Drawing on questionnaire responses from parent-infant teams and Freedom of Information requests to mental health trusts, the report identifies the following:
Substantial growth, but not enough
There are now 49 parent-infant teams across the UK – up from 27 in 2019 – with many more in development. This growth has been driven by local champions, including clinicians and commissioners, as well as national initiatives like Start for Life and the Perinatal and Infant Mental Health Board. However, despite this progress, specialist support is still unavailable in many localities, and national funding remains inconsistent.
Teams vary widely in structure and reach
Parent-infant teams have evolved in diverse ways, often adapting creatively to local needs and funding streams – including public health, CAMHS, children’s services and the voluntary sector. The number of families supported directly by these teams ranges from fewer than 25 to over 300 annually. Start for Life has led to more services at universal and targeted levels, but specialist provision for complex needs remains limited.
Demand far outweighs capacity
It’s estimated that current teams support just 4-6% of babies who would benefit from specialist intervention – around 4,400-6,500 families per year. In CAMHS, most services still report fewer than 10 referrals a year for children under two.
What support looks like
Teams offer a formulation-led mix of evidence-based interventions, tailored to each family’s needs. Common approaches include video feedback, Circle of Security, and parent-infant psychotherapy. Many interventions are dyadic, involving parent and baby together. A third of teams also offer parental mental health support to help parents engage more fully with relational work.
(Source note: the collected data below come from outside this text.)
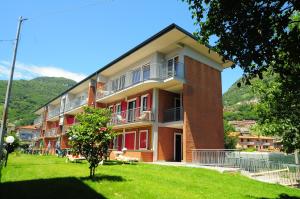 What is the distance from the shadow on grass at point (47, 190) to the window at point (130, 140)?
15.5m

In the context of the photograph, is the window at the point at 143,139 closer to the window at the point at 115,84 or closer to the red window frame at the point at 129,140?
the red window frame at the point at 129,140

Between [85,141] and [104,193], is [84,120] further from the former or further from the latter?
[104,193]

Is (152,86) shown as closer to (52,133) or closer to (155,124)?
(155,124)

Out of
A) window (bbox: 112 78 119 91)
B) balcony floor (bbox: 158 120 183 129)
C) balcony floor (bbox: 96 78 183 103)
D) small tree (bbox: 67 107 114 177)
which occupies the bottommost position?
small tree (bbox: 67 107 114 177)

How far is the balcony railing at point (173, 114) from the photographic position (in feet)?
70.0

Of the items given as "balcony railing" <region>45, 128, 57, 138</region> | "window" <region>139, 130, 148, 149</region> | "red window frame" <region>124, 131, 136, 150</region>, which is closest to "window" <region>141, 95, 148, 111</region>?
"window" <region>139, 130, 148, 149</region>

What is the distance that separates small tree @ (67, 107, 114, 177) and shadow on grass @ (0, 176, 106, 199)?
1242mm

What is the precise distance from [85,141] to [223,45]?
20.7 ft

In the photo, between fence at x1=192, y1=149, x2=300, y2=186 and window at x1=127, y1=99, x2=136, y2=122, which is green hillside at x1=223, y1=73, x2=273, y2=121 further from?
fence at x1=192, y1=149, x2=300, y2=186

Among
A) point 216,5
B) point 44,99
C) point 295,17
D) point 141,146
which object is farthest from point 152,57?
point 44,99

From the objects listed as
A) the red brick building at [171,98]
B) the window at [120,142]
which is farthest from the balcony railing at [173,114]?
the window at [120,142]

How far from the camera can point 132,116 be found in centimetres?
2459

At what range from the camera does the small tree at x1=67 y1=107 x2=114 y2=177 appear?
1037 centimetres

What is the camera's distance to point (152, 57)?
910 inches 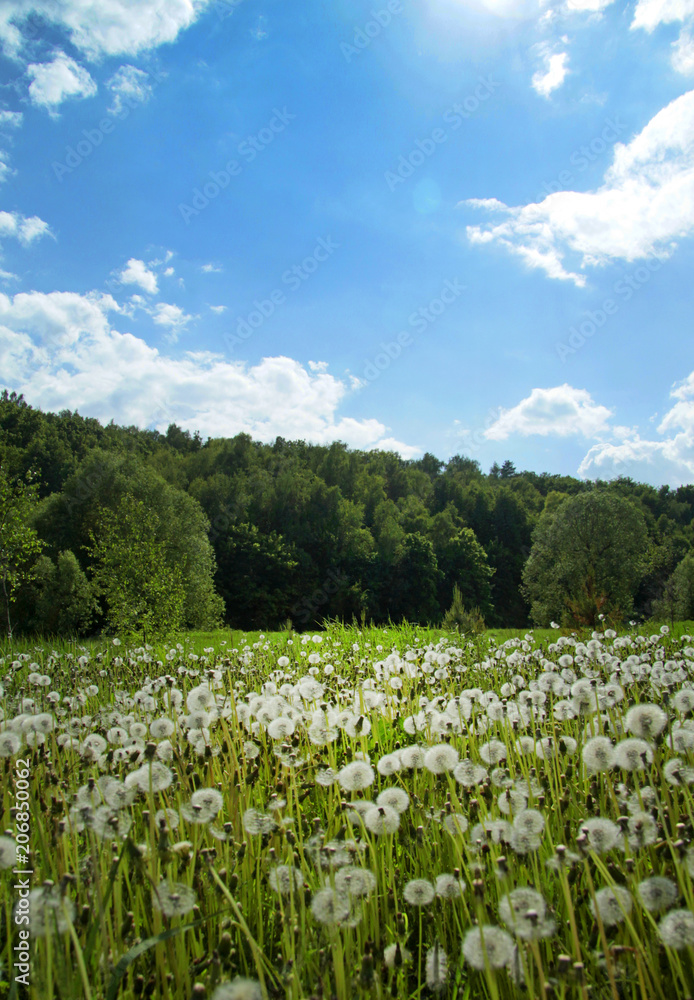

System-wide impact through collaboration
Beyond direct work with families, parent-infant teams play a vital role in upskilling the wider workforce. In the past year alone, teams provided consultation to over 2,000 professionals, supervision to over 1,500, and training to over 40,000 – enhancing the system’s capacity to support early relationships.
Collaborative working with perinatal services
Around half of teams share referral pathways with perinatal mental health services, and many collaborate on care planning, supervision and reflective spaces. This joint working supports timely, holistic care for families.
Highly skilled multidisciplinary teams
Parent-infant teams are led by consultant-level clinicians and staffed by experienced professionals, including clinical psychologists, child psychotherapists, health visitors, social workers, midwives and others. These teams bring a specialist focus on pregnancy to age two, though some also work with older children, sometimes diluting the focus on infants.
Who’s included? Who’s missing?
Most teams work primarily with mothers and their babies, and data on fathers’ involvement is limited. Some teams are making efforts to better engage fathers, but others lack the systems to track or record this. Similarly, babies in the child protection system – among the most vulnerable – are not consistently prioritised, although many teams do accept referrals for these families and work with children’s social care where possible.
Hearing from parents, and from babies
Around half of teams involve parents in service design and feedback. Encouragingly, most also report that the baby’s voice is central to their practice – whether in assessments, consultations or decision-making forums – seeking to represent what babies might express if they could speak for themselves.
Why does this matter for maternity professionals?
A baby’s brain develops faster during pregnancy and the first two years than at any other time in life. The quality of early relationships has profound, lifelong implications for mental and physical health. When those relationships are strained, babies need urgent help.
Parent-infant teams provide that support, working with families facing complex challenges. They also support wider services, including midwifery, to recognise and respond to early relational difficulties.
For maternity professionals, this report is a valuable resource in understanding what support might exist locally, and in advocating for improved access to these essential services.